Exercise input Block Start

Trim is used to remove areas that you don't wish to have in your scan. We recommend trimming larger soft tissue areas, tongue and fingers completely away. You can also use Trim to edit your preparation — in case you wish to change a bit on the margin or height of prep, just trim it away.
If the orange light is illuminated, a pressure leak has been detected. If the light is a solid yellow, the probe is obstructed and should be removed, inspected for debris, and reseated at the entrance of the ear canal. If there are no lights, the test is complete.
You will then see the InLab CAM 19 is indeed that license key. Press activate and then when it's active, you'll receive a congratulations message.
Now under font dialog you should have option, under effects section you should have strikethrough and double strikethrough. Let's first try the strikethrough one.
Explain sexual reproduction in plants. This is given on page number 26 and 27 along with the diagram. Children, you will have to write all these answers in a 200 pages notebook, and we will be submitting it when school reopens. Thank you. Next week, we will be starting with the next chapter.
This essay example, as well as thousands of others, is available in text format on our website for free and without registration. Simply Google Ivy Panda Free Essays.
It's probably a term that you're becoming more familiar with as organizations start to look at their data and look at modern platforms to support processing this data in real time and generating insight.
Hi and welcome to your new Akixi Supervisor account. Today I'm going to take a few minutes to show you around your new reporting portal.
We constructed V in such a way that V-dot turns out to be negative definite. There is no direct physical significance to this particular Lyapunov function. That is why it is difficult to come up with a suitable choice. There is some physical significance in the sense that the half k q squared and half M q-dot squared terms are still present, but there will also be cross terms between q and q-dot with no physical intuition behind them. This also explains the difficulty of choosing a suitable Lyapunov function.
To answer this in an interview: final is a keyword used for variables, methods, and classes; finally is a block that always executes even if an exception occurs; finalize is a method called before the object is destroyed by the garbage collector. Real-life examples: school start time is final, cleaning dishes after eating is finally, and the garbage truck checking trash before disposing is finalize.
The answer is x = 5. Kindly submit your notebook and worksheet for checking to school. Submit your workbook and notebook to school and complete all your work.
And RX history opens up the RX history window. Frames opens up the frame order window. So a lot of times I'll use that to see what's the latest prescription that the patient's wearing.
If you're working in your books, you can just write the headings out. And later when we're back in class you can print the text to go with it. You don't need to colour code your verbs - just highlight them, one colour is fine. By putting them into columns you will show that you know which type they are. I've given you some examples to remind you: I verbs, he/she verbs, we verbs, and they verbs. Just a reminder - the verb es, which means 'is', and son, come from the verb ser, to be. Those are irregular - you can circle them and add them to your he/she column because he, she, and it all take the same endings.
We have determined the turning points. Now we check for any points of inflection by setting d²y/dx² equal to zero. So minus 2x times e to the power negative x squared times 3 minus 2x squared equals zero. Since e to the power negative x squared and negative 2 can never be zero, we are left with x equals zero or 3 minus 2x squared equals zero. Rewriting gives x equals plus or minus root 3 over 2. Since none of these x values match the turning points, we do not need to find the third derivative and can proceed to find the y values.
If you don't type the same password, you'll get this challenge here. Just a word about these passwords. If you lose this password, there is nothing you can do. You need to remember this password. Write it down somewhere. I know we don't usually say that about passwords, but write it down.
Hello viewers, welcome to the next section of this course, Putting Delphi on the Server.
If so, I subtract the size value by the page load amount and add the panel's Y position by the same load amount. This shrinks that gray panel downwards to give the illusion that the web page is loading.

Exercise input Block End

**Task details**
Extract every line above exactly as it stands.

**Written response**
Trim is used to remove areas that you don't wish to have in your scan. We recommend trimming larger soft tissue areas, tongue and fingers completely away. You can also use Trim to edit your preparation — in case you wish to change a bit on the margin or height of prep, just trim it away.
If the orange light is illuminated, a pressure leak has been detected. If the light is a solid yellow, the probe is obstructed and should be removed, inspected for debris, and reseated at the entrance of the ear canal. If there are no lights, the test is complete.
You will then see the InLab CAM 19 is indeed that license key. Press activate and then when it's active, you'll receive a congratulations message.
Now under font dialog you should have option, under effects section you should have strikethrough and double strikethrough. Let's first try the strikethrough one.
Explain sexual reproduction in plants. This is given on page number 26 and 27 along with the diagram. Children, you will have to write all these answers in a 200 pages notebook, and we will be submitting it when school reopens. Thank you. Next week, we will be starting with the next chapter.
This essay example, as well as thousands of others, is available in text format on our website for free and without registration. Simply Google Ivy Panda Free Essays.
It's probably a term that you're becoming more familiar with as organizations start to look at their data and look at modern platforms to support processing this data in real time and generating insight.
Hi and welcome to your new Akixi Supervisor account. Today I'm going to take a few minutes to show you around your new reporting portal.
We constructed V in such a way that V-dot turns out to be negative definite. There is no direct physical significance to this particular Lyapunov function. That is why it is difficult to come up with a suitable choice. There is some physical significance in the sense that the half k q squared and half M q-dot squared terms are still present, but there will also be cross terms between q and q-dot with no physical intuition behind them. This also explains the difficulty of choosing a suitable Lyapunov function.
To answer this in an interview: final is a keyword used for variables, methods, and classes; finally is a block that always executes even if an exception occurs; finalize is a method called before the object is destroyed by the garbage collector. Real-life examples: school start time is final, cleaning dishes after eating is finally, and the garbage truck checking trash before disposing is finalize.
The answer is x = 5. Kindly submit your notebook and worksheet for checking to school. Submit your workbook and notebook to school and complete all your work.
And RX history opens up the RX history window. Frames opens up the frame order window. So a lot of times I'll use that to see what's the latest prescription that the patient's wearing.
If you're working in your books, you can just write the headings out. And later when we're back in class you can print the text to go with it. You don't need to colour code your verbs - just highlight them, one colour is fine. By putting them into columns you will show that you know which type they are. I've given you some examples to remind you: I verbs, he/she verbs, we verbs, and they verbs. Just a reminder - the verb es, which means 'is', and son, come from the verb ser, to be. Those are irregular - you can circle them and add them to your he/she column because he, she, and it all take the same endings.
We have determined the turning points. Now we check for any points of inflection by setting d²y/dx² equal to zero. So minus 2x times e to the power negative x squared times 3 minus 2x squared equals zero. Since e to the power negative x squared and negative 2 can never be zero, we are left with x equals zero or 3 minus 2x squared equals zero. Rewriting gives x equals plus or minus root 3 over 2. Since none of these x values match the turning points, we do not need to find the third derivative and can proceed to find the y values.
If you don't type the same password, you'll get this challenge here. Just a word about these passwords. If you lose this password, there is nothing you can do. You need to remember this password. Write it down somewhere. I know we don't usually say that about passwords, but write it down.
Hello viewers, welcome to the next section of this course, Putting Delphi on the Server.
If so, I subtract the size value by the page load amount and add the panel's Y position by the same load amount. This shrinks that gray panel downwards to give the illusion that the web page is loading.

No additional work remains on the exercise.